Exor, il bilancio è in rosso -69 milioni di euro
Ancora una stagione in perdita: dopo i -39,9 milioni registrati al 30 giugno 2019 e i -19,2 milioni del 2018, la holding degli Agnelli-Elkann ha registrato un -19 milioni a seguito del semestre gennaio-giugno 2020, a cui vanno sommati i -50,3 milioni di perdita nei mesi da luglio a dicembre 2019.
Terzo risultato negativo in tre anni nonostante il mezzo miliardo di plusvalenze incassate da Juventus Fc negli anni che vanno dal 2015 al 2020. Non a caso nell’assemblea straordinaria del 24 ottobre 2019 il Cda di Juventus Fc Spa ha deliberato un aumento di capitale per 300 milioni di euro (pdf in allegato alla mail) previsto per «gli esercizi 2019/2020 – 2023/2024» finalizzato a: «finanziare gli investimenti utili al mantenimento della competitività sportiva; – sostenere la strategia commerciale per l’incremento dei ricavi e della visibilità del brand Juventus nei mercati internazionali; – rafforzare la struttura patrimoniale della Società». Un aumento di capitale che dovrà essere entro il 30 settembre 2020 e mediante «emissione di azioni ordinarie».
Nessuna inversione di rotta
Il sistema che è andato costruendosi nel corso degli anni è, sostanzialmente, insostenibile ed irreale: plusvalenze, cartellini e diritti tv fanno in modo che le cifre annuali di società e federazioni si gonfino – letteralmente – senza possedere una pur minima base concreta legata a quel patrimonio.
Il mantra recitato dai proprietari delle società calcistiche permane quello del “fin qui tutto bene”, come la storia di quel tale che si butta da un grattacielo e ad ogni piano dice “fin qui tutto bene”, salvo poi essere messi alle strette da una partita persa in ambito internazionale, come citato; da un piccolo scricchiolio anche solo accennato del mercato; o, come in questo caso, da una pandemia.

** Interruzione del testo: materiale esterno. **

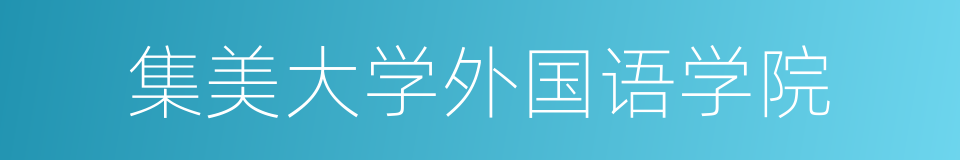 集美大学外国语学院的同义词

Il “migliore dei sistemi economici possibili”, in realtà, si posa su un castello di carte costruito in piena bora triestina.
Nessuno poteva prevedere una crisi sanitaria di proporzioni globali come questa che stiamo attraversando, tuttavia i fattori imprevisti – quali che siano – sembrano non toccare né lambire le previsioni dei profitti delle società calcistiche e delle loro finanziarie che vi sono alle spalle.
Tutto sta nel continuare – più o meno spensieratamente – a fare quel che si è sempre fatto.
Aspettando il cataclisma.
(1) Così come partecipazioni in FCA (Fiat), Cnh Industrial e Ferrari; in ambito editoriale in “The Economist” e nel Gruppo GEDI; nel calcio (Juventus) e poi anche in altri settori come quello delle assicurazioni (PartnerRe).